A perda de solo está atingindo proporções dramáticas nos últimos 20 anos, quase exclusivamente pela ação humana. A erosão do solo afeta cerca de 20% das terras agrícolas, 15% das pastagens e algo em torno de 30% dos bosques mundiais e por causa também de outras formas de degradação se perdem entre 5 a 7 milhões de hectares por ano de terras cultivavéis. (FAO, 2008)

O solo é a base da vida e da alimentação humana, mesmo assim, ainda não são tomadas medidas mais próativas para evitar a degradação, especialmente em regiões semiáridas, como o Nordeste do Brasil, onde a desertificação está aumentando a cada ano. Novos estudos do CEDEPLAR e FIOCRUZ sobre MUDANÇAS CLIMÁTICAS, MIGRAÇÕES E SAÚDE mostram que os Estados do Nordeste, e entre eles o Ceará, podem perder em torno de 70% das terras cultiváveis até 2050.

O conhecimento de tecnologias adequadas para o manejo e a preservação do solo é enraizado em todas as culturas agrícolas, entretanto, este cuidado geralmente não é aplicado no caso da agroindústria. A agricultura familiar convencional também contribui para a perda dos solos por descuido e por manejo inadequado para as vulneráveis terras no semiárido.

Em 1943, o cientista inglês Sir Albert Howard, conhecido como o Pai da Agroecologia, descreveu no seu livro “testamento agrícola” os princípios básicos do manejo do solo, que são, segundo ele, os princípios da verdadeira agricultura, ou seja, da Agroecologia.

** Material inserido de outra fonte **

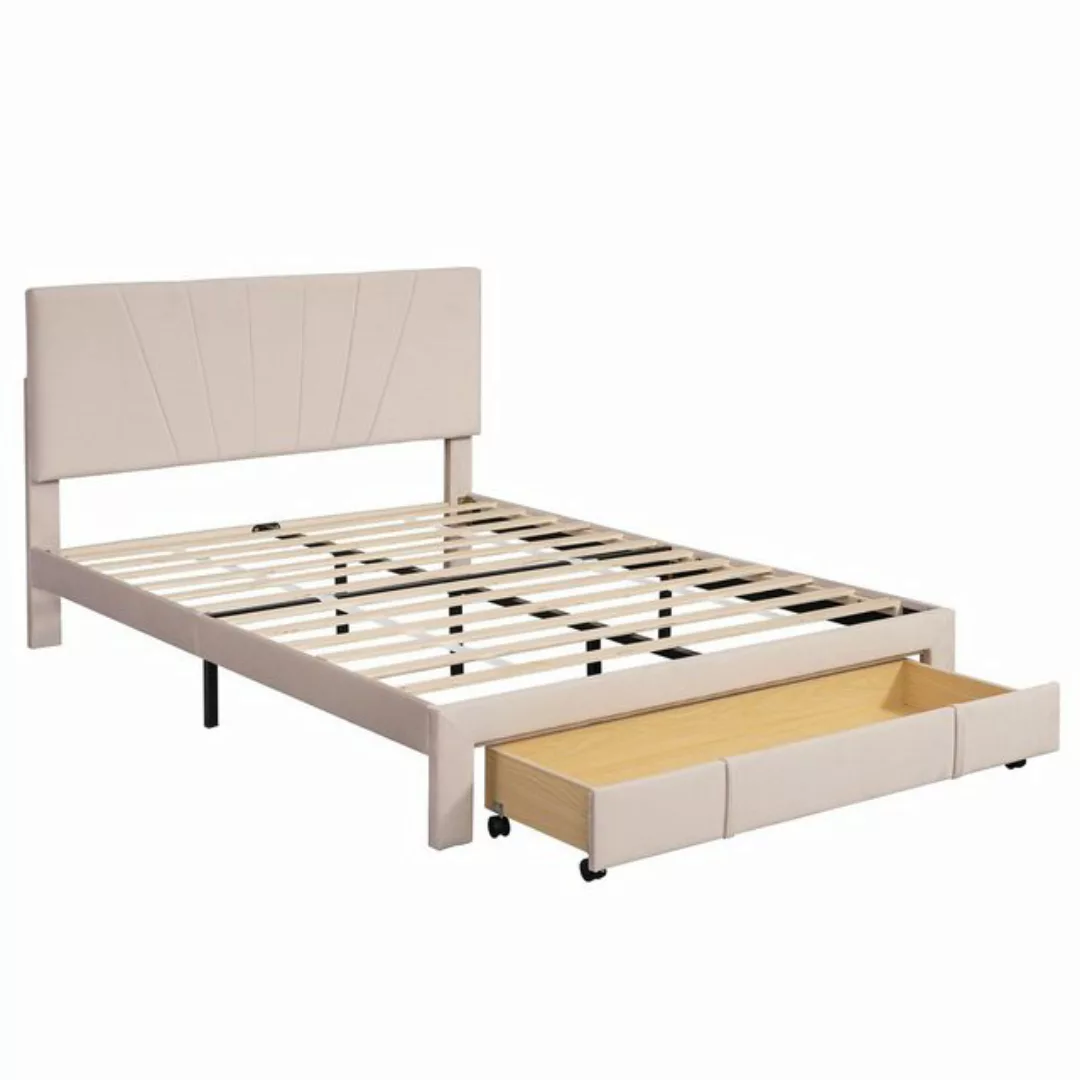 Gotagee Polsterbett Doppelbett 140x200 Jugendbett Samt Gästebett Dunkelbeig günstig online kaufen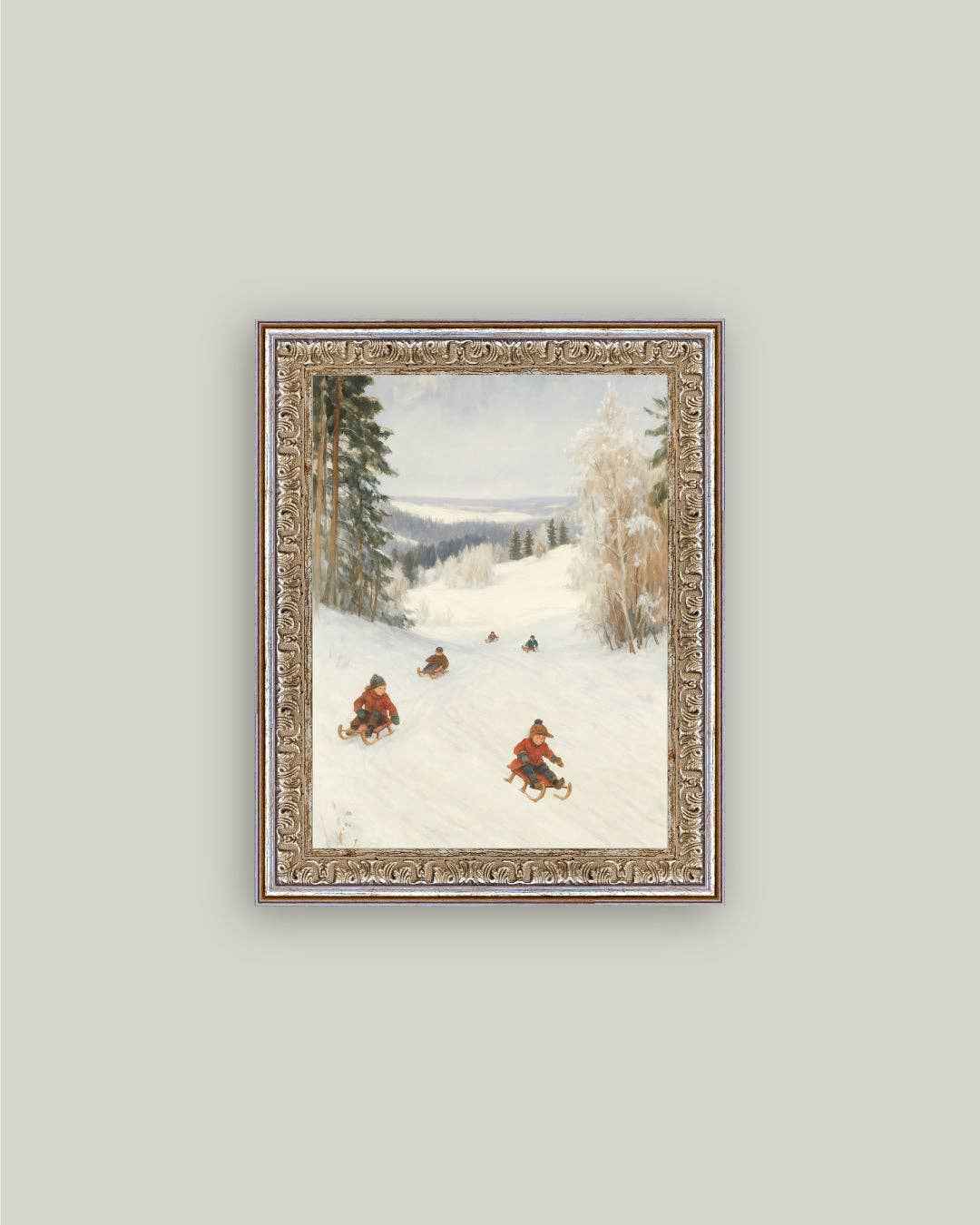 Sledding Hill Framed Antique Art
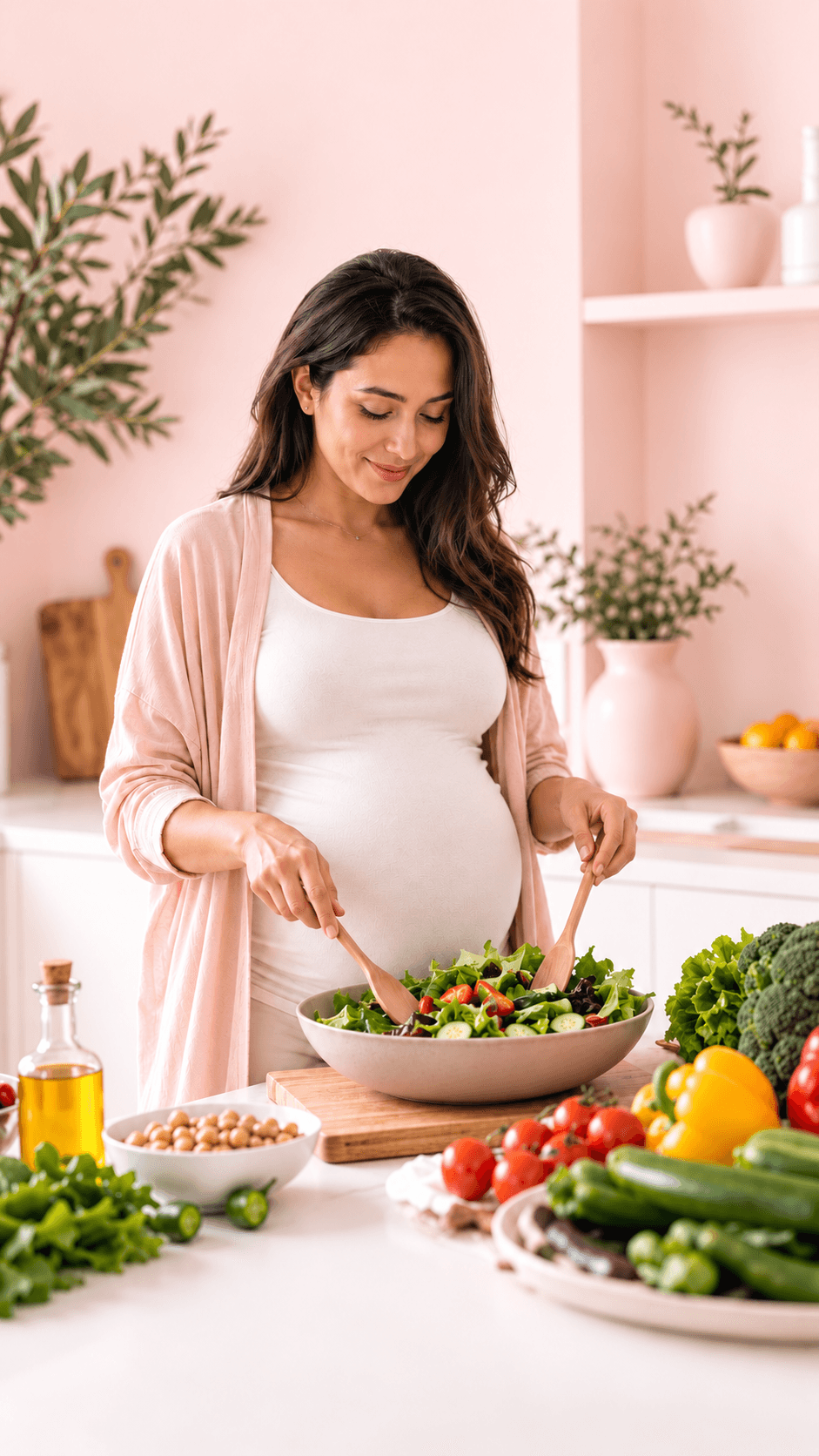 A pregnant woman preparing a fresh meal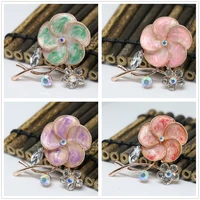 newly enamel sunflower brooches 8 colors women white crystal rose gold color collar party gift accessories jewelry pins h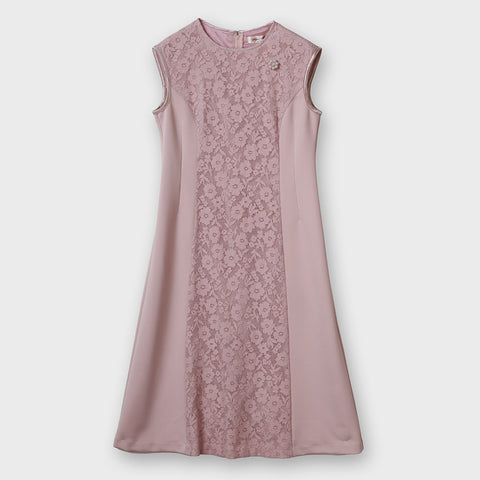 前立て透かしレース切替ダンボールニット素材フレンチスリーブ ワンピース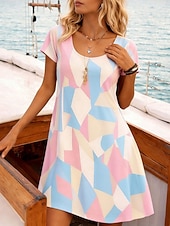 abordables Vestido a Rayas y Geométrico-Mujer Mini vestido Vestido de verano Vestido estilo camiseta Vestido de una línea Vacaciones Casual Diario Playa Festivos Ajuste regular Graphic Geométrico Abstracto Manga Corta Cuello Barco Azul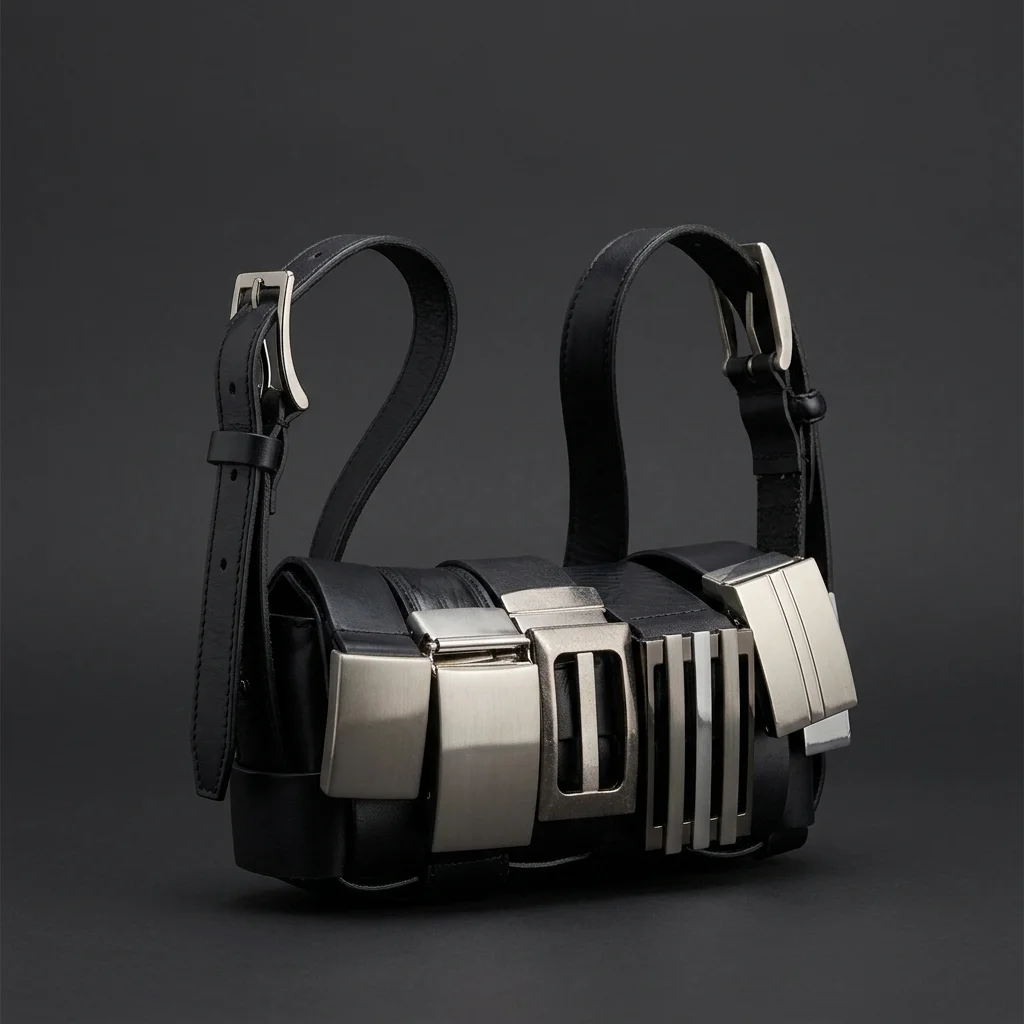 HODAKOVA Black Buckle Baguette Bag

A cartilha “Cuidando do solo”, da série “Agroecologia” apresenta, baseada nestes princípios, algumas tecnologias de manejo ecológico para a preservação e melhoria da fertilidade dos solos. A prática de agricultores(as) agroecológicos(as) mostra bons resultados e cada um faz sua parte para cuidar das terras dando sustentabilidade à agricultura no semiárido nordestino.